Apart from calling for equal opportunity to access the fund, the operators would also want Sanusi to come up with policies that would make MFBs demand for more stringent collateral measures in securing loans to stem the tide of loan default that is bedeviling the sector at the moment. This is because with the limited funds, default on loans will, ultimately, affect the number of Nigerians that the MFBs can provide loans for and their ability to succeed in its mandate of promoting growth of SMEs and poverty alleviation.

The managing director of Good Neighbour MFB, said: “In developed economies, the people are more trust worthy with money, but our people are not. The average Nigerian would want to have loans without having the intentions to pay back. Nigeria is not the first country where micro-financing has been practiced, but the activities of these defaulters are killing the industry. We want government and the CBN to help us implement stringent measures to safe guard our investors’ deposit.” he said.

This was corroborated by Mr. Ezama, managing director of Meridian MFB, who noted that such a trend is on the increase and has altered the intention of the MFBs. “Micro-financing is mass banking and we know that majority of Nigerians can’t access loans from commercial banks. Sometimes, people ask for loan to stock their shops, only to use the money to pay rents or school fees. When it is time to pay back such loan, they would not be able to do so since they didn’t restock their shops.”

Regarding the appointment of Sanusi and his ability to deliver on the review of the micro finance policy and access to increased funds, as canvassed for by the sector, some operators opine that since the CBN governor is from a royal family and has not experienced poverty, he might not be predisposed to handle the sector with the required amount of seriousness it deserves.

But, at a session at the National Assembly prior to his confirmation, Mr. Sanusi allayed this fear when he posited for the inclusion of SMEs and the integration of the rural economy for meaningful and sustainable growth of the economy.
According to Sanusi,

“You create new industries with power; the small-scale industries we are talking about cannot survive without power. All of us grow up in villages where people had grinding machines. In a village where a woman has a deep freezer and by simply selling ice water, she is able to pay electricity bills and feed herself and her family, we are reducing poverty rate. No cottage industry can survive without power.”
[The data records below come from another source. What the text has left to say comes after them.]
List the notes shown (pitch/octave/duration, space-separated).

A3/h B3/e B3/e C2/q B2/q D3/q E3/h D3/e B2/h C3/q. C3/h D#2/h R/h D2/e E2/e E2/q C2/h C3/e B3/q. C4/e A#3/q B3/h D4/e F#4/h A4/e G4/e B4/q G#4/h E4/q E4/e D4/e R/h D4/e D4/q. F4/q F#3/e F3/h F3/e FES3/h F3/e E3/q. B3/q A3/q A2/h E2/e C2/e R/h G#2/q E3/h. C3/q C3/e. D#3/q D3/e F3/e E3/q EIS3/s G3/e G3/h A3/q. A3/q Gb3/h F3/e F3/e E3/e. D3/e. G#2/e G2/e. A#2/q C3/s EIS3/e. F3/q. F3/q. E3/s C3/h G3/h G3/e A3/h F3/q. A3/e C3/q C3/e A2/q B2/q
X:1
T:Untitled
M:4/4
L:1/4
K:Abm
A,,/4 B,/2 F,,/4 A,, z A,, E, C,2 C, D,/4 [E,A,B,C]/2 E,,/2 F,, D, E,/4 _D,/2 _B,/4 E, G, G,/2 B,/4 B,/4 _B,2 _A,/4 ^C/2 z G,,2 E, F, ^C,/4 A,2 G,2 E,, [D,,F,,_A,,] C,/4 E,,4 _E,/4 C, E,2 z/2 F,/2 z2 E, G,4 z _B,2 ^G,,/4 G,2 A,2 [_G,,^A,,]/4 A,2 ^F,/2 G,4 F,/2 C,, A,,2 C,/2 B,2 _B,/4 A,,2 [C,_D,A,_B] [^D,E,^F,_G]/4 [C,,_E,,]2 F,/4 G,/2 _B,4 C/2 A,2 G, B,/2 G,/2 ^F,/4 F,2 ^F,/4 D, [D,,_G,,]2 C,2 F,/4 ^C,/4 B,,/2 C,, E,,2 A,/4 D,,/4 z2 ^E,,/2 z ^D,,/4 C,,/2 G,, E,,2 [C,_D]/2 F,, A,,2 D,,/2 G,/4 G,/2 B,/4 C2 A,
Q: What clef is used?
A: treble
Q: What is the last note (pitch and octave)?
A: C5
The Central Bank of Nigeria, in 2005, designed the Microfinance Policy Regulatory and Supervisory framework, which was launched by the then president, Obasanjo, on December 15, 2005.

The objectives of the microfinance policy are to make financial services accessible to the 65 per cent of productive Nigerian population, which otherwise would have had little or no access to financial services and empower them to contribute to rural transformation; promote linkage platforms among universal/development banks, specialized institutions and microfinance banks; promote linkage programmes between universal/development banks, specialized institutions and micro-finance banks; enhance service delivery by micro-finance institutions to micro, small and medium scale entrepreneurs; and promote synergy and mainstream the informal sub-sector into the national financial system.

The policy targets are to, among others, cover the majority of the poor but economically active population by year 2020, thereby reducing unemployment and poverty; increase the share of micro credit as percentage of total credit to the economy from 0.9 per cent in 2005 to, at least, 20 per cent in 2020, and the share of micro credit as percentage of GDP from 0.2 per cent in 2005 to, at least, 5 per cent in 2020; enhance women’s access to financial services by 5 per cent annually; and promote the participation of, at least, two-thirds of state and local government in micro credit by 2015.

How well these above set target is met by the MFBs by 2020, according to analysts, will depend on regular review and improvement of the policy, access to funds by the MFBs and increased supervision of the sector in the years leading to 2020, particularly the actions and inaction of Sanusi’s 5 years tenure.